The Center on Budget and Policy Priorities has posted Realizing the Housing Voucher Program’s Potential to Enable Families to Move to Better Neighborhoods. It opens,
Housing Choice Vouchers help families afford decent, stable housing, avoid homelessness, and make ends meet. They also enable children to grow up in better neighborhoods and thereby enhance their chances of long-term health and success. When African American and Hispanic families use housing vouchers, for example, their children are nearly twice as likely as other poor minority children to grow up in low-poverty neighborhoods and somewhat less likely to grow up in extremely poor areas. Still, 280,000 children in families using vouchers lived in extremely poor neighborhoods in 2014. Vouchers could do much more to help these and other children grow up in safer, low-poverty neighborhoods with good schools.
Public housing agencies have flexibility under current Housing Choice Voucher (HCV) program rules to implement strategies to improve location outcomes, and state and local governments could facilitate these efforts.
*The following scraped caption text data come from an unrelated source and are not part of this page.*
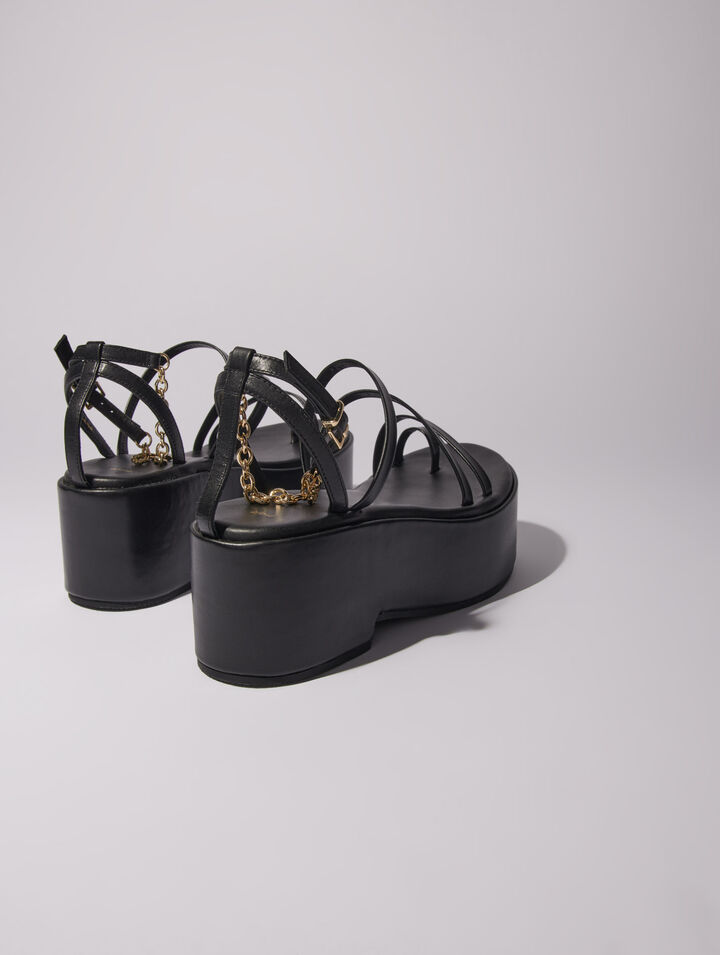 Sandali con zeppa in pelle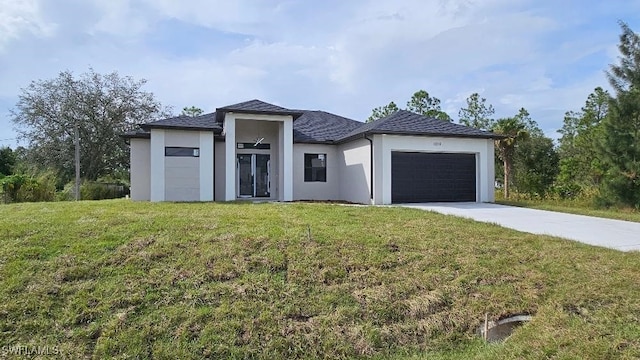 view of front of home with a front lawn and a garage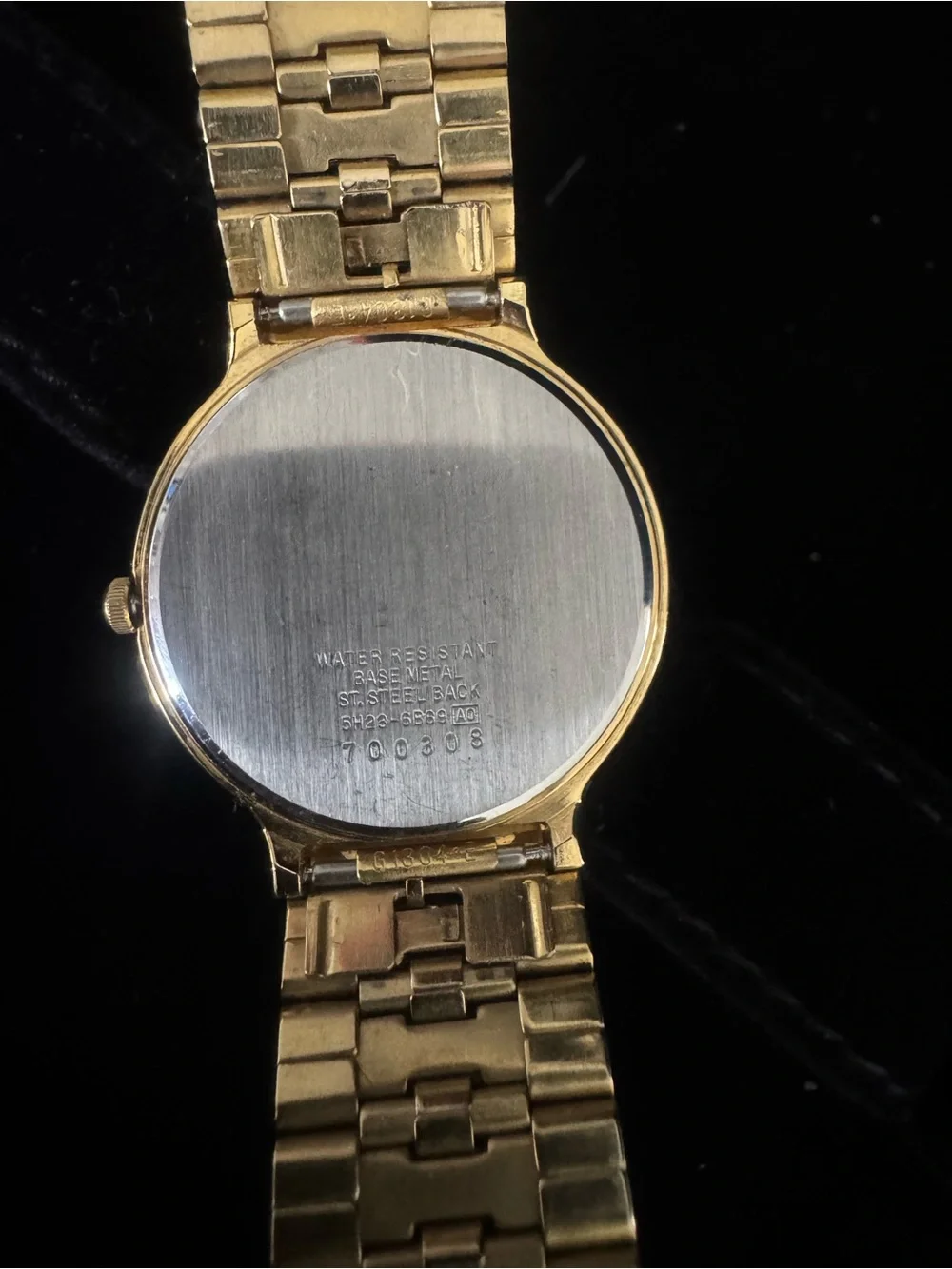 Seiko Gold Tone Watch with White Dial and Roman Numerals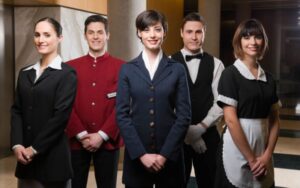 Hotel staff standing together and smiling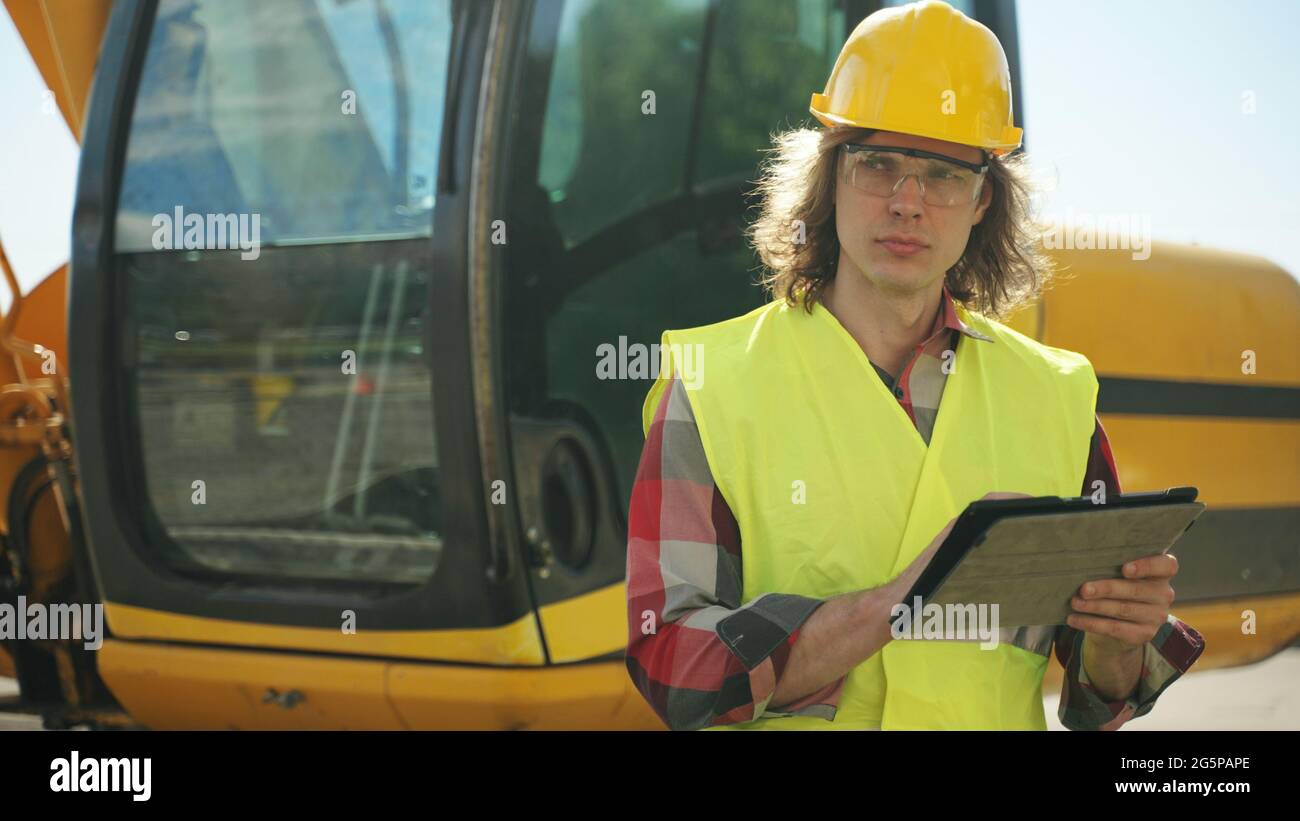 Excavator operator in hard hat using tablet pc Stock Photo - Alamy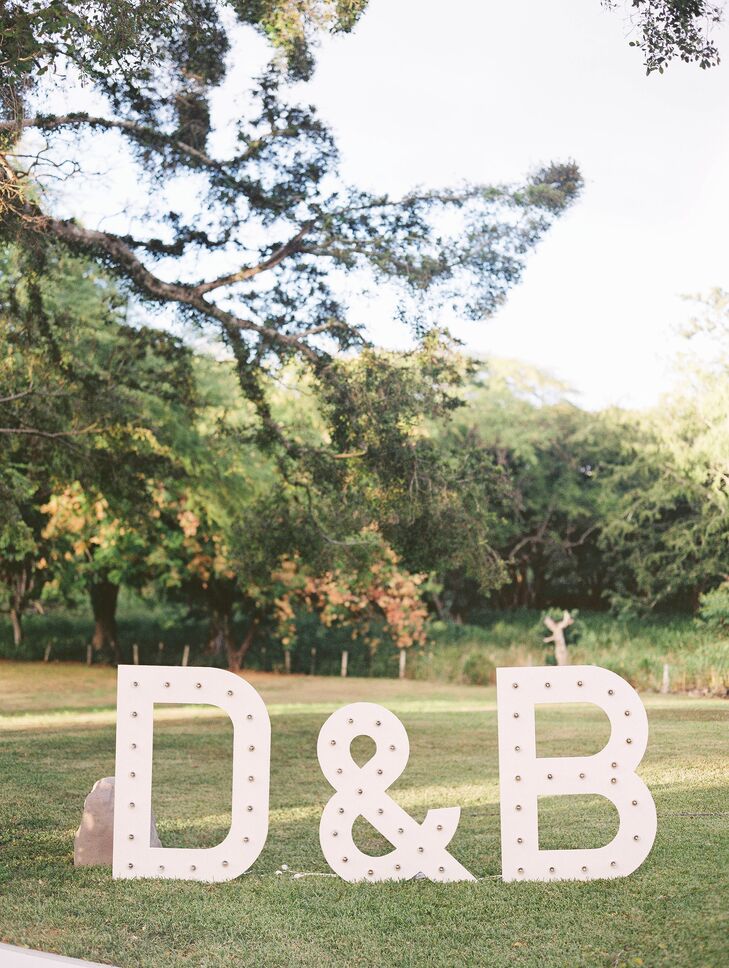 Three-foot-tall letters spelled out the newlywed's initials on the lawn of their reception venue.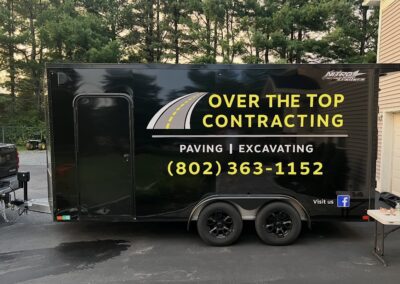 Over the Top branded black trailer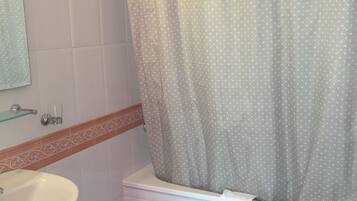 A bathroom with a white sink, a bathtub with a white towel, and a toilet with a sign.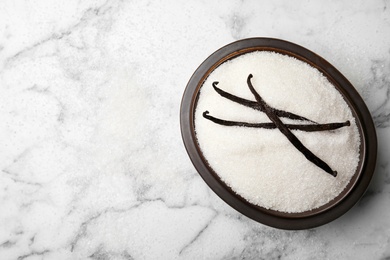 Photo of Bowl of aromatic vanilla sugar and sticks on light background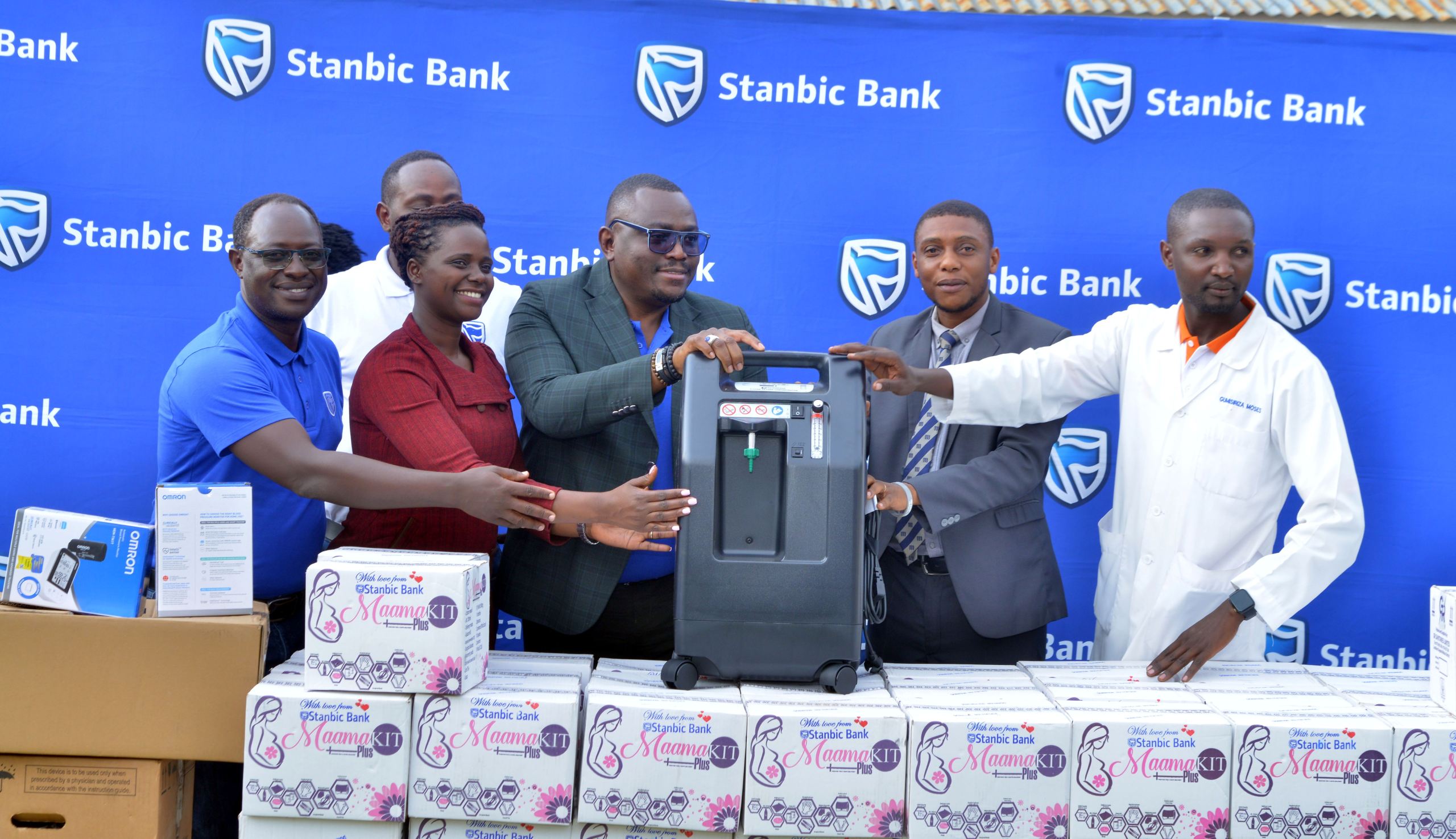 Stanbic Regional Manager Benard Ogwal, Busaiga SACCO's Mercy Kusemererwa and StaTunde Thorpe handing over the equipement to Dr. Brian Kisembo, Karobarole ast. DHO and Moses Gumisiriza the Facility In Charge
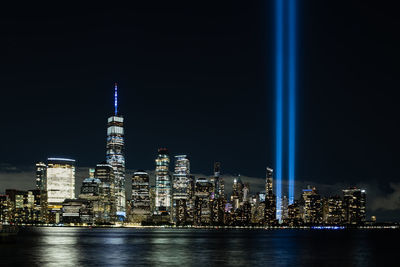 Illuminated buildings in city at night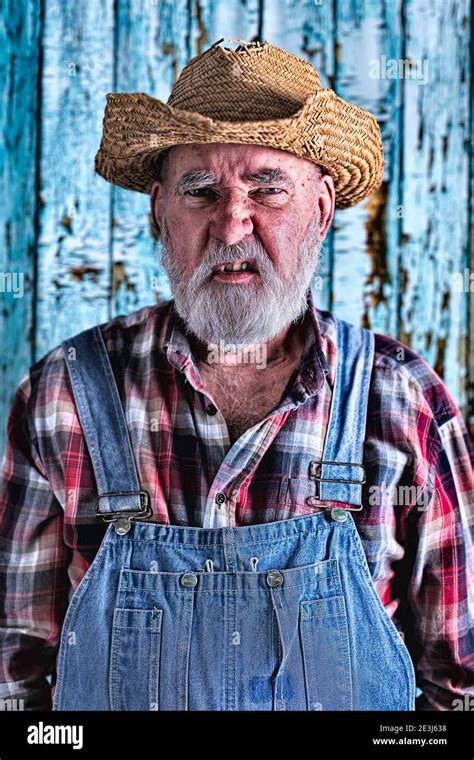 Elderly Man In Bib Overalls Post Processed For Added Drama Stock Photo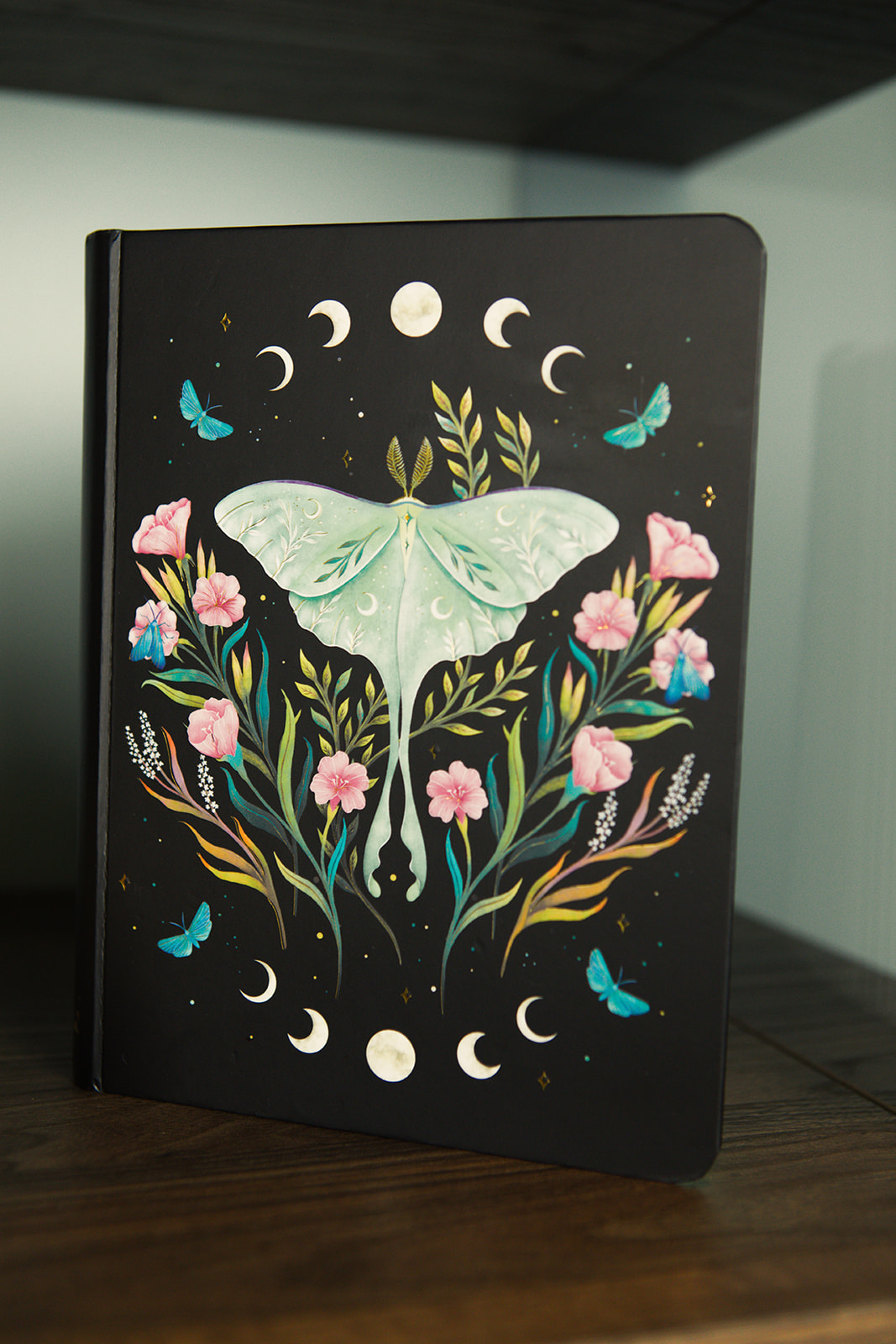 A journal with a luna moth and the phases of the moon painted on the cover, standing on a wooden shelf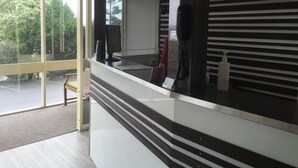 A modern reception desk with a computer, a telephone, and a window with blinds. - Adina Place Motel Apartments (Launceston)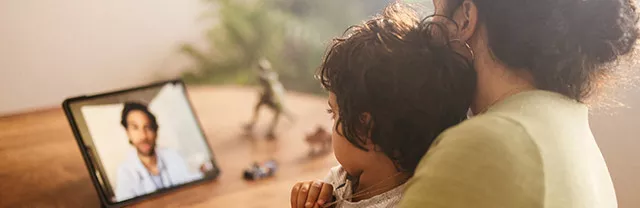 Na foto, mãe e filho fazem sessão de telemedicina de sua casa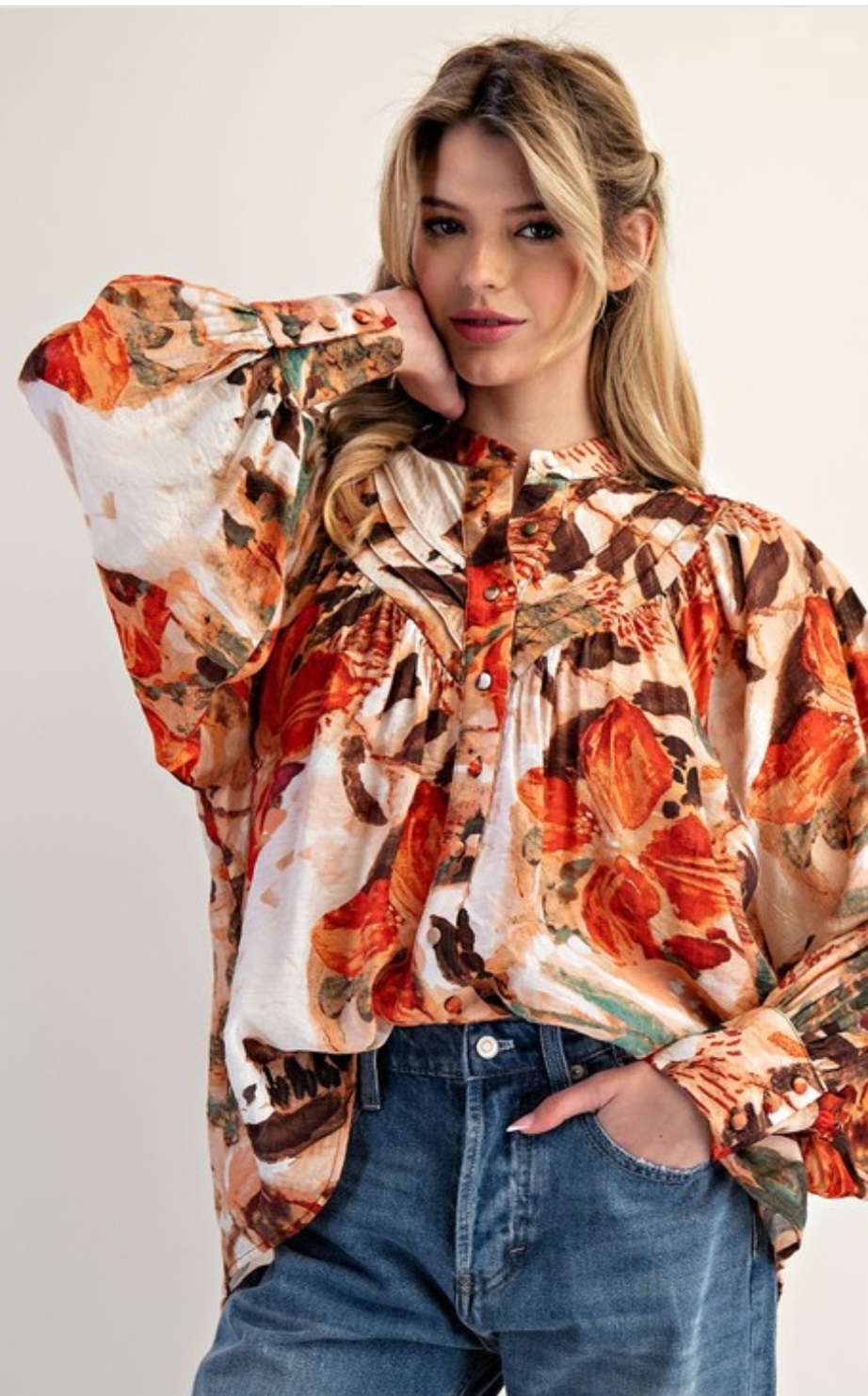 Women’s abstract floral button-down blouse with long sleeves and lightweight fabric.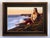 The artwork depicts a serene figure reclining on a cliffside, gazing thoughtfully at the expansive seascape below. The...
But without changes in federal policy to encourage state and local agencies to take such steps and to modify counter-productive policies — and reliable funding to maintain the number of families receiving HCV assistance and to administer the program effectively — there is little reason to expect better results.
Federal, state, and local agencies can make four sets of interrelated policy changes to help families in the HCV program live in better locations:
- Create strong incentives for state and local housing agencies to achieve better location outcomes;
- Modify policies that discourage families from living in lower-poverty communities;
- Minimize jurisdictional barriers to families’ ability to live in high-opportunity communities; and
- Assist families in using vouchers to rent in high-opportunity areas. (1)
This paper poses a number of concrete policy proposals for HUD to increase choices for voucher recipients. They include giving weight to location outcomes for recipients in measuring local housing agency performance; aligning these goals with the new fair housing rules; and providing incentive payments to local agencies that help voucher recipients move to higher-opportunity areas. (8) There are more concrete proposals in the paper that I leave to the reader to review.
What I like about these proposals is that many of them can be implemented administratively by HUD, just like the fair housing rules were. I hope HUD is giving this paper its full attention — there is a lot of good stuff in it that can help people move to opportunities that they cannot currently access.